**EXERCISE AIM:** After locating the line containing "Clayre & Eef", transcribe that line and all following lines exactly, stopping only at the end of the records.

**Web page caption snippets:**
* * * * * * * * *

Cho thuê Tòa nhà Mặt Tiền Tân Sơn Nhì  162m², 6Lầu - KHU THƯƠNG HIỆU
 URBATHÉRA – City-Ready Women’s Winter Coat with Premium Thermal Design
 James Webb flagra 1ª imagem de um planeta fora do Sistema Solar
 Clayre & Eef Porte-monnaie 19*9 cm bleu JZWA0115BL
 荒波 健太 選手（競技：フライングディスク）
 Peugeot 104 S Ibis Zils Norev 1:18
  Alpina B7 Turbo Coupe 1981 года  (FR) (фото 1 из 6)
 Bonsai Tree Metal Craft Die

* * * * * * * * *

**EXERCISE SOLUTION:**
 Clayre & Eef Porte-monnaie 19*9 cm bleu JZWA0115BL
 荒波 健太 選手（競技：フライングディスク）
 Peugeot 104 S Ibis Zils Norev 1:18
  Alpina B7 Turbo Coupe 1981 года  (FR) (фото 1 из 6)
 Bonsai Tree Metal Craft Die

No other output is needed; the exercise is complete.